From Our Readers
July 27, 2014 11:06 am

I got my first tattoo 3 years ago when I was 18 years old. Since then, I have had two more tattoos. Every time I have sat in that black leather chair face to face with the needle, I have remembered exactly how I was feeling at that time, where I was at in my life and what that particular tattoo meant to me.

Immediately after getting my first piece of ink, I began striking up conversations with family members, friends and strangers as to what it means to have a tattoo. I found that some people had negative reactions to my tattoo simply because I am a woman. Some consider the ink demeaning, or not ‘feminine’ enough. But I am here to defend the ‘painted woman.’

Why should it be up to others what we choose to do with our bodies? If we make that decision to get permanent ink, its our burden to carry.

I recently got a tattoo on my lower right arm. Since that moment, I seem to be getting asked a lot of questions. People stare at my arm as they walk past me in the street, some even stop and ask me about it. In a way, it’s nice to know that some strangers notice people walking by and will actually stop to have a human conversation. When I first showed my tattoo to my parents, they were displeased, but as time goes on they have become used to it and see it as part of my personality.

One of the most common debates I find myself having with people is over my career. People argue that no one is ever going to hire me or take me seriously with a tattoo on my arm, and as a recent graduate I get quite defensive over this topic. I firmly believe that a piece of art on ones body should not in any way stop someone from getting a career they have worked for and thoroughly deserve.

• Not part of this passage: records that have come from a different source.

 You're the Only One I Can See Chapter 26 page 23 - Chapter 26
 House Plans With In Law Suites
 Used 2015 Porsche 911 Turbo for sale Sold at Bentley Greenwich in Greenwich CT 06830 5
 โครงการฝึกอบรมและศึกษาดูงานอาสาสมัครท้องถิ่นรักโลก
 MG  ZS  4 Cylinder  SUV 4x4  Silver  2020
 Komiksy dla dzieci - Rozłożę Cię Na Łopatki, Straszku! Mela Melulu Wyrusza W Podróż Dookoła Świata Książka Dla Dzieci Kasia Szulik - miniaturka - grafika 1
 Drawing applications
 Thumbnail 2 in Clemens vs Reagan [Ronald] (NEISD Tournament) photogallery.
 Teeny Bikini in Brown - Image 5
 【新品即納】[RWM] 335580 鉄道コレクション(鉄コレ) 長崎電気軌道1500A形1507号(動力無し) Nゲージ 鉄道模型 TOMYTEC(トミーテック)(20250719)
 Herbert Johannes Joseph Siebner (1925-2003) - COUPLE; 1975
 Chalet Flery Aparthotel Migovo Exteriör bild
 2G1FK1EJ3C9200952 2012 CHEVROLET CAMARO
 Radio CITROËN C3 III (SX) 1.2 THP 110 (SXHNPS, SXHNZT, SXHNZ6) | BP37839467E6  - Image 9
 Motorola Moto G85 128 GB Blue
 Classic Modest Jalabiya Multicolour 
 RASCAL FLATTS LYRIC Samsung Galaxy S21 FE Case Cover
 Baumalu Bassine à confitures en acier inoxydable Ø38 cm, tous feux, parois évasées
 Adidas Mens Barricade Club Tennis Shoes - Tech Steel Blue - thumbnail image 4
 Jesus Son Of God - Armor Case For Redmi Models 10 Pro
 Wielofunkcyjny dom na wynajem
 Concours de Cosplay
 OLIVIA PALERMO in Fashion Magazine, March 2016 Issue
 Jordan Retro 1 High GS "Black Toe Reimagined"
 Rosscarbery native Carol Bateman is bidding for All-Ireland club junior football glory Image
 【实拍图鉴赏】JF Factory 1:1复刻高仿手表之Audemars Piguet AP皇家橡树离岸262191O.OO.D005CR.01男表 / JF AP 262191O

Why is it fair that men are not questioned as much if they have tattoos on their arms? They are simply perceived as more masculine. But because I am a woman, and have a tattoo on my arm, people have this idea that no one will ever hire me. It would be rather upsetting if I were to lose out on a job to someone purely for having art work on my body. I can cover my tattoos easily, but it would be gratifying to think I could get a job based on my skills, work ethic and personality. Sadly, we are judged for whatever we do with our bodies.

Someday, I hope that people stop judging women for having tattoos. What we do with our bodies is our own choice. We need to embrace our individuality, and inspire body confidence in one another.